読んだ本のメモ

印象に残った言葉をメモします。

少し感想

〇 「なぜ議論をしないのか」「なぜ政治に拘るのは良くないことだと考えるのか」「なぜ公的領域(市民たちが互いに意見を言い合う場)がないのか」
この類の問いを聞くたびに、私は徳川政権の「弾圧」のせいだけではない、それ以前の私たち日本人の気質的なものに関係があるのではないかと感じて
しまいます。

私自身を題材に、具体的に考えてみます。

例えば、私たちの社会にある、祝儀不祝儀に幾ら包むか…という問題ですが、
私は、昔からそのようなことに疎く、若い頃は、かなり非常識な
行動をとっていました。

非常識な人を人はどう見るか…
1.非常識な人だ。でも、特に悪意があるわけではないだろう、と考え、
  今まで通りに付き合ってくれる。

2. 非常識な人は、許せない。不快感が生じる、陰口悪口の対象にし、付き合わない。

3.そもそもそのような形式的なことは、気にしない。

「非常識な私」から見ると、人間は大きくこの三種類に分かれます。
今、目の前にいるAさんは、このうちのどれ?
Bさんは?Cさんは? ニコニコ笑ってるけど、心のうちではどう考えてる?
などと考え、そう簡単に信じるなんてできません。


何を言いたいかと言うと、社会にはこうすべきという型があって、
その型から外れることは悪とされてしまうことが多いので
型どおりに出来ない人は、なにかと誤解されるし、自分自身でも、
微妙な罪悪感や劣等感を持ちながら生きるしかないところに
追いつめられる、ということを言いたいのです。

ここでは、「祝儀不祝儀」を例にあげましたが、
実際、私たちの社会には、様々な問題でそのようなことがあると
感じます。



「意見を言う」ということは、自分とは違う意見の人に
どのように受け取られるかわからないという、リスクを冒すことになります。

頭の中に、様々な思惑が、生まれます。
目立とうとしている。カッコつけている。
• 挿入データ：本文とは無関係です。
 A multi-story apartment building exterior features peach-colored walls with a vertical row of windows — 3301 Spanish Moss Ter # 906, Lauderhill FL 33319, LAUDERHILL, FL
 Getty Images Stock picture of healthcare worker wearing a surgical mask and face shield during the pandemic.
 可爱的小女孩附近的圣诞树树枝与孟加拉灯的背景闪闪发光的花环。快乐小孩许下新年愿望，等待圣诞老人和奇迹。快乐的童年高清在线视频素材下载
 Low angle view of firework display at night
偉そうにしている。
本来の「議論」から外れて、そう言われることも多い社会ですから、
かなりの鬱陶しさを乗り越えられる強さがなければ、
なかなか発言できません。

そのような「発言しない」という態度を、為政者は、集団に黙って従う民族なのです、と理解するのでしょう。

人は様々なことを考えますし、性格も能力も様々です。

そのような人間が誰一人、存在を否定されることなく、表現の自由が保障されている、というのは、キリスト教的な価値観からきていると思うのですが、キリスト教的価値観を持たない、私たちの社会では、人権という言葉は掲げられていても、ものの考え方の中には、根づいていないのだと思います。

 

だからこそ、違うことや型破りを悪と見る考え方があり、それは、間違っている、と思いながらも、もし「空気の流れ」が「違うことは悪だ」と流れている場合には、「そんなのおかしい!」と思いながらも、黙ってそれに関わらない様に、見ないようにして、自分を守るのが、弱い人間の生き方だったのです。

 

この「おかしいなぁと思いながらも、黙って逆らわない」というこの態度は、小学校から高校まで続きます。かなり年季の入った熟練された態度です。そしていまや、大人になっても、しっかり「様子見をし」「空気を読んで」行動しているのです。

 

あえて言います。

共通の価値観を持たない人間同士は、信頼し合えません。

価値観については議論せず、システムだけで、しっかりとした社会を築こうとしてきたのが、これまでの日本ではないかと思いますが、

信頼し合えない人間同士の社会は、大丈夫なのでしょうか…。